## [What you should do]
Pictures stay out; please output the remaining data exactly.

## [Supplied material]
►

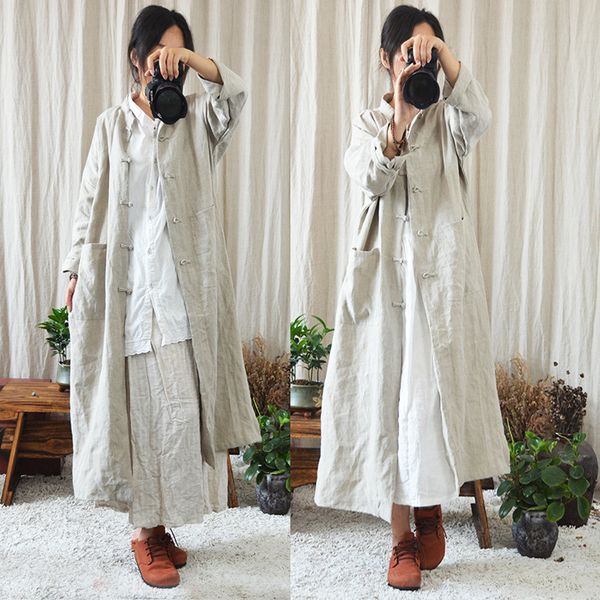 

women's trench coats women handmade button retro solid color chinese style coat outwear ladies long ovetcoat female vintage, Tan;black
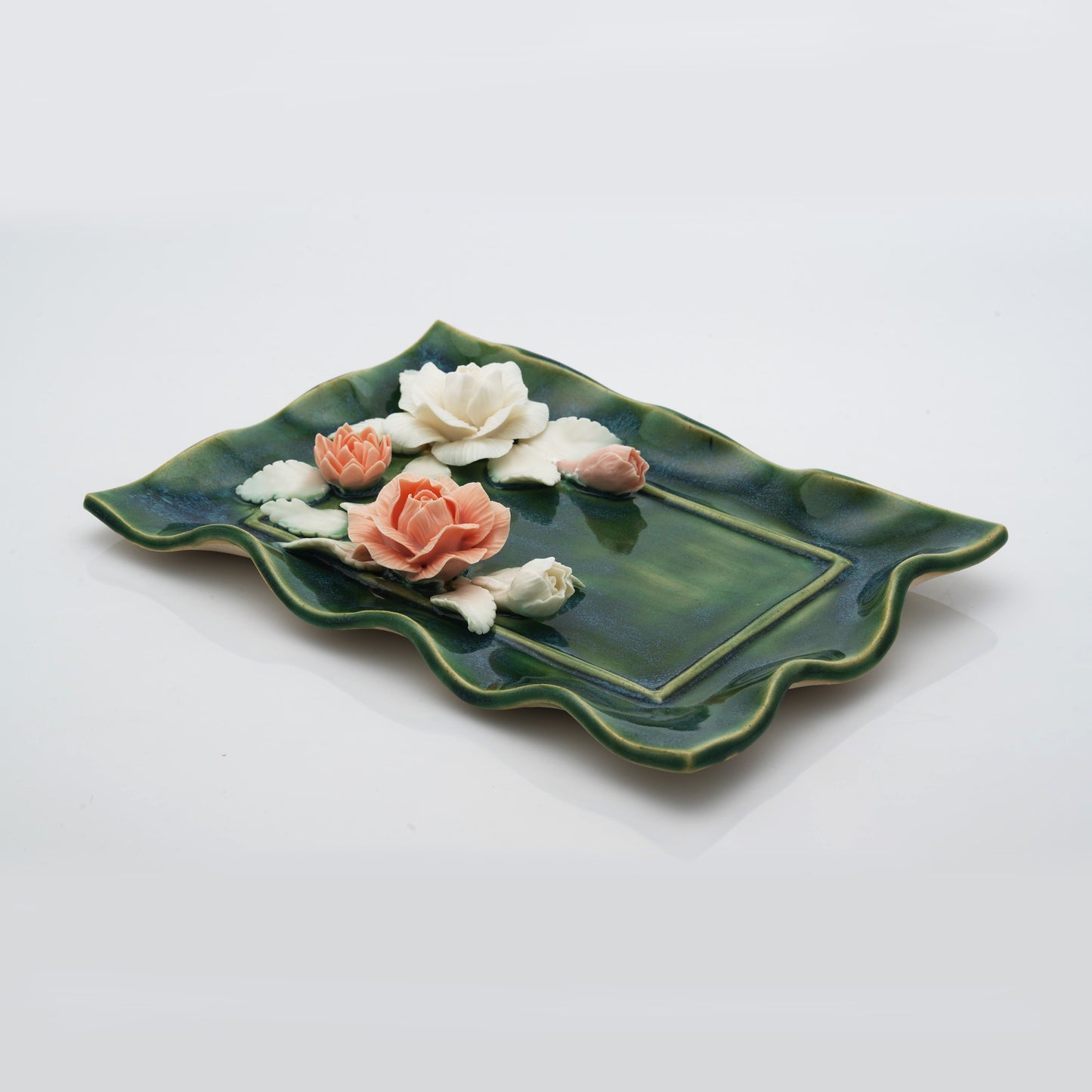 Rose Flower Plate Crystal & Oil Holder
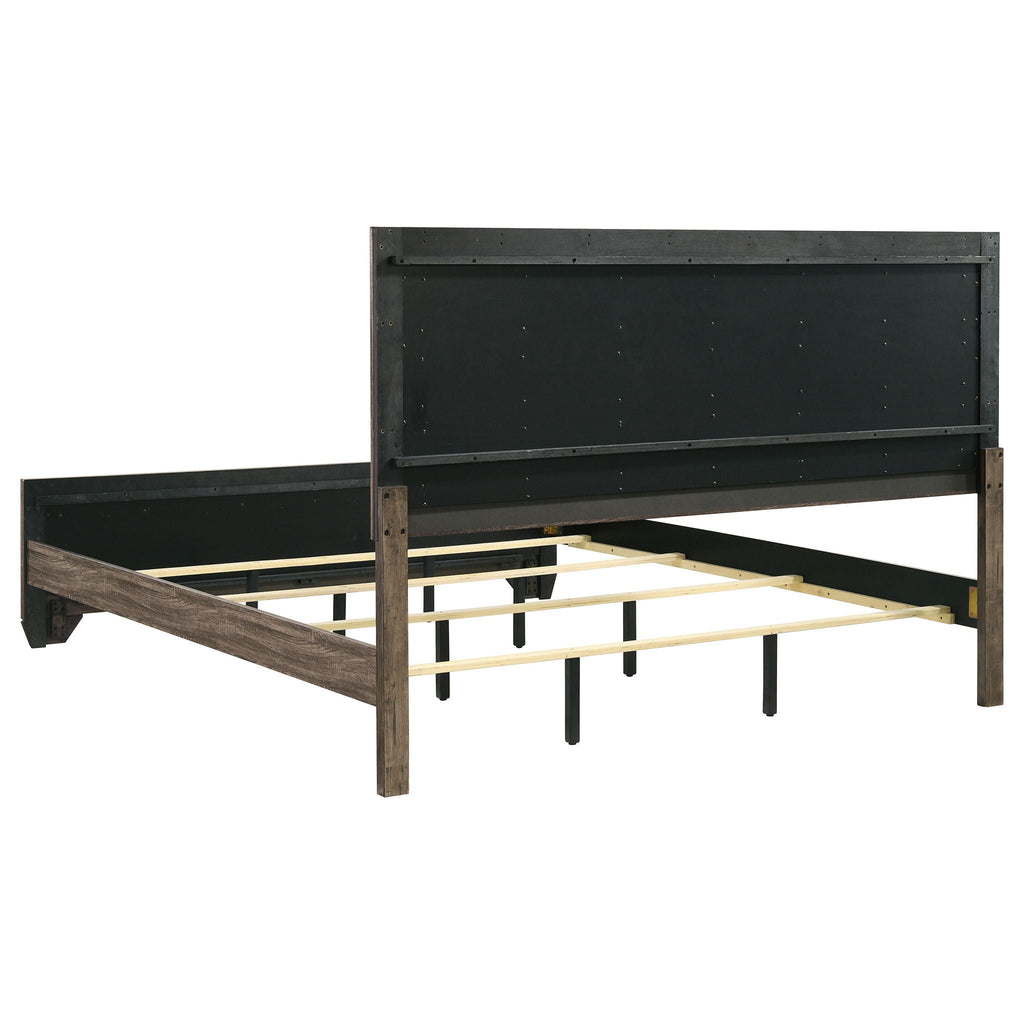 Oatfield Panel Bed with Slatted Design - Dark Brown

◄

## [Task response]
women's trench coats women handmade button retro solid color chinese style coat outwear ladies long ovetcoat female vintage, Tan;black
 Rose Flower Plate Crystal & Oil Holder
 Oatfield Panel Bed with Slatted Design - Dark Brown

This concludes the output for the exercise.